Philo, qui avait oublié que la soeur pouvait parler, s'affola.
– Non, je n'en ai pas une – Philo ne mentait pas, elle n'avait pas une, mais trois filles – mais si j'en avais une, j'aimerais qu'elle vous ressemble plus tard.
Soeur Rosaleen ne se souvenait pas de la dernière fois où on lui avait dit quelque chose d'aussi gentil. La plupart des gens évitaient d'aborder le sujet des enfants en sa présence. Et pour cause : elle avait fait voeu de chasteté et n'en aurait jamais. Certes, soeur Rosaleen y pensait et se demandait souvent à quoi ils auraient pu ressembler. Elle restait une femme malgré tout ; Philo le lui avait rappelé avec une infinie délicatesse. Elle éprouva un regain de fierté à l'idée que son utérus, toujours intact, n'avait pas disparu. Grâce à Philo, elle était fière d'être une femme et une religieuse. »
Franchement, ce n'aurait pas été un auteur irlandais, je pense que ce roman serait reparti direct à la bibli. Mais là quand même, flûte,
Peter Sheridan quoi (célèbre dramaturge irlandais et frère du réalisateur Jim Sheridan), j'ai lu son autobiographie il y a longtemps,
L'enfant de Dublin, et j'avais bien aimé le récit de cette enfance au sein d'une famille nombreuse et haute en couleurs dans les quartiers pauvres de Dublin. Après quelques jours de bouderie, j'ai donc décidé de donner une seconde chance à
La guerre des légumes : si à la page 100 le courant ne passait toujours pas je jetterais l'éponge, pas avant. Ce fut un brin laborieux, j'avoue, mais vers la page 80 une éclaircie s'est annoncée, et les choses s'améliorant à mesure, je l'ai finalement terminé tranquillement. L'éclaircie fut le début du récit de cette « guerre des légumes » dont le titre français s'inspire. Plus jeunes, Cap Coyle et Dina sont passés à côté du grand amour pour devenir ennemis jurés, chacun dans leur boutique voisine et concurrente de primeurs. Aujourd'hui septuagénaires, ils se retrouvent embringués dans une sorte de Tournez manège organisé par Philo pour le club du troisième âge au couvent… et tout s'enchaine. Philo n'a pas la langue dans sa poche, c'est le moins que l'on puisse dire. 1m60, 120 kgs, cinq enfants et un mari qui la bat, famille qu'elle décide un jour de quitter en venant se réfugier dans ce couvent de Dublin. Avec son franc-parler et sa débrouillardise, son coeur aussi grand que son appétit et ses problèmes, Philo en vient à changer la vie de nombre d'habitants de North Wall, ancien village devenu un quartier moribond de Dublin, après la débâcle économique des docks sur la Liffey.

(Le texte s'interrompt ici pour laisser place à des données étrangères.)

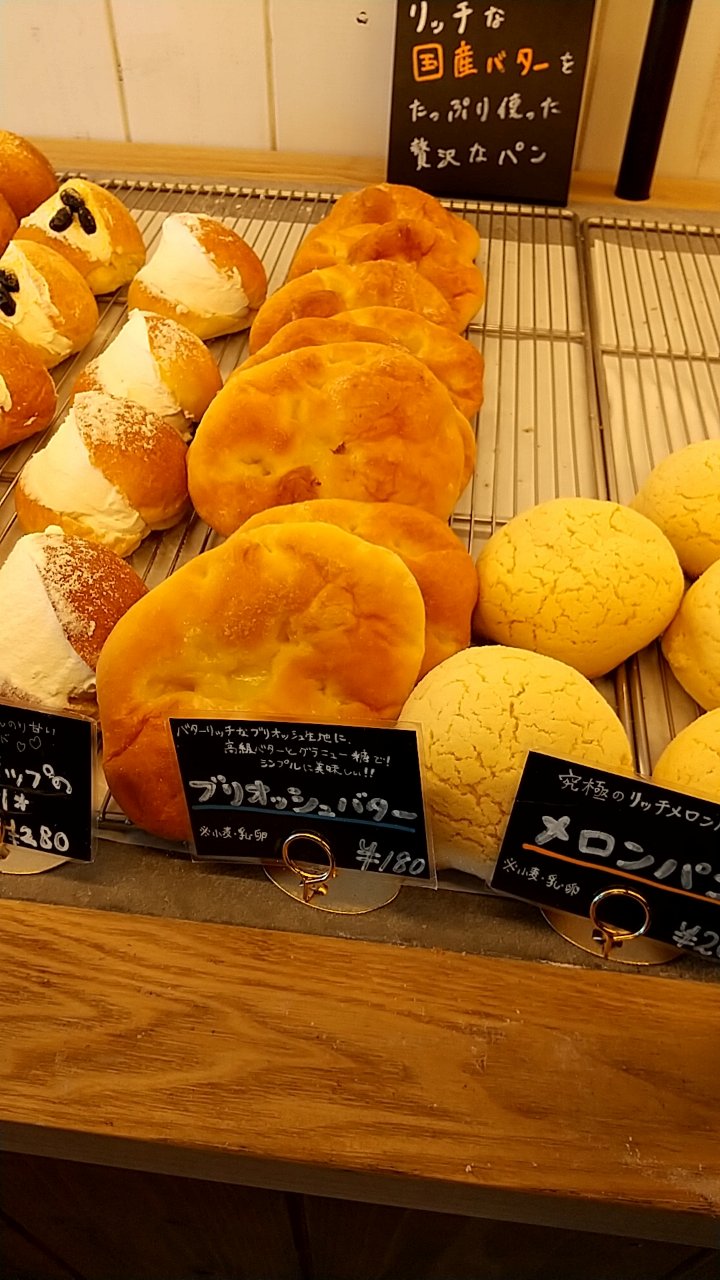 ベーカリー エソラ ESORA BAKERY（エソラベーカリー）「マリトッツォ」買ってみた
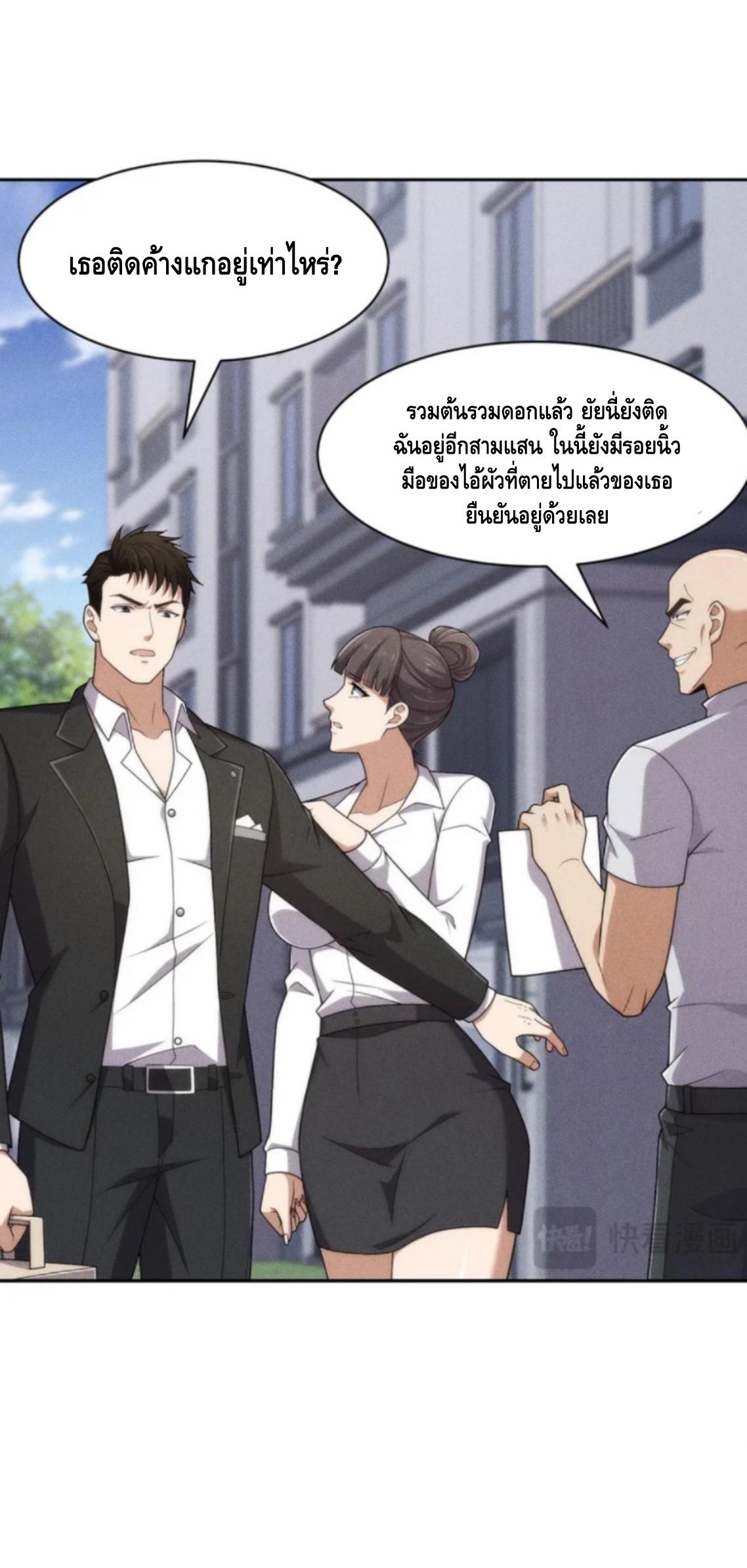 หน้า 41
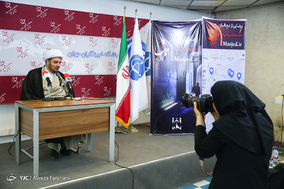 آیین رونمایی از نرم افزار مسجد یاب 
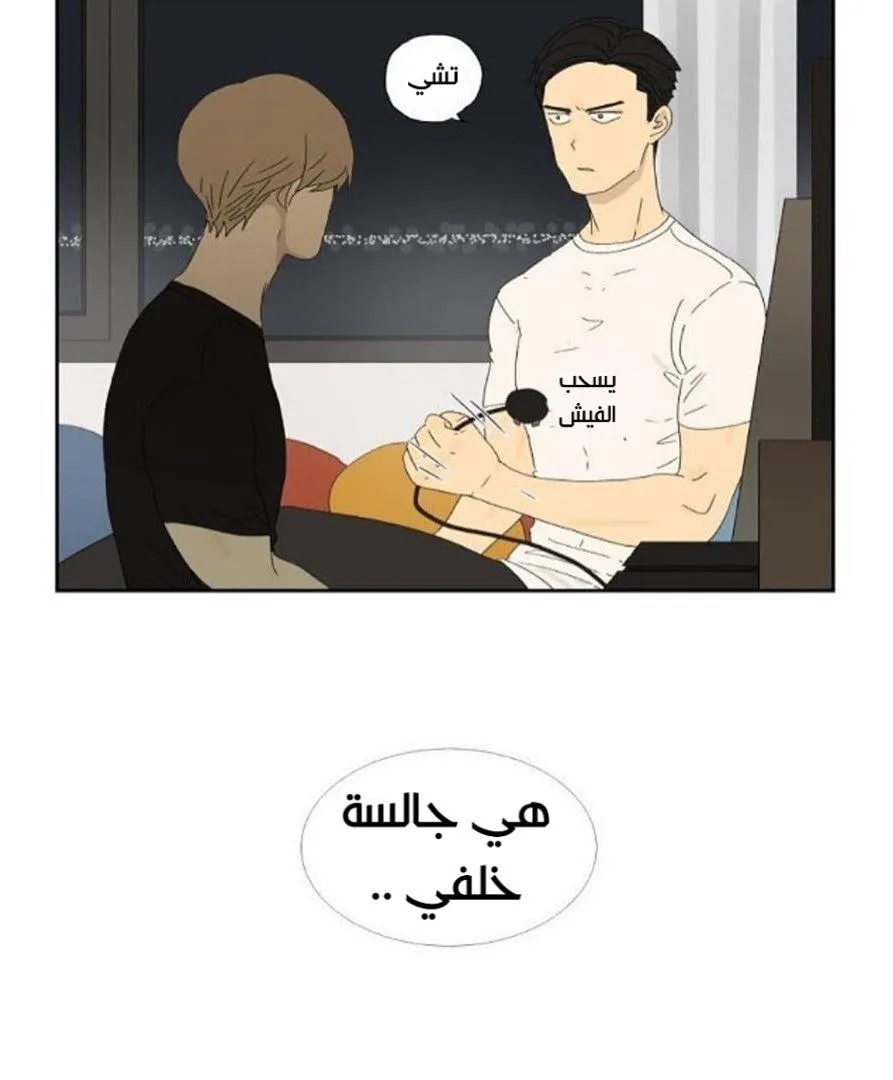 Read Nan Hao & Shang Feng the Odd AR Manga Online
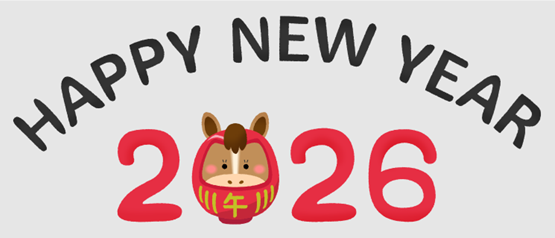 ☆明けましておめでとうございます☆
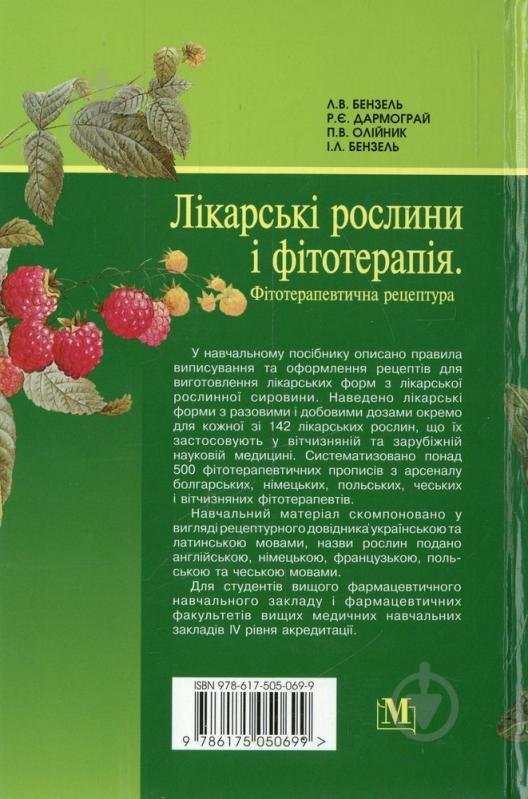 Книга «Лікарські рослини і фітотерапія. Фітотерапевтична рецептура. Навчальний посібник» 978-617-505-069-9 - фото 2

J'ai hélas trouvé que tout au long du roman le ton manquait de justesse pour parler d'obésité et de féminisme, mais si on arrive à faire abstraction du style un peu étrange et bordélique du roman, on sourit pas mal pendant cette lecture très dublinoise, bourrée d'anecdotes et de clins d'oeil, et qui enchaine rebondissements, situations cocasses et scènes plus dramatiques avec gouaille et énergie.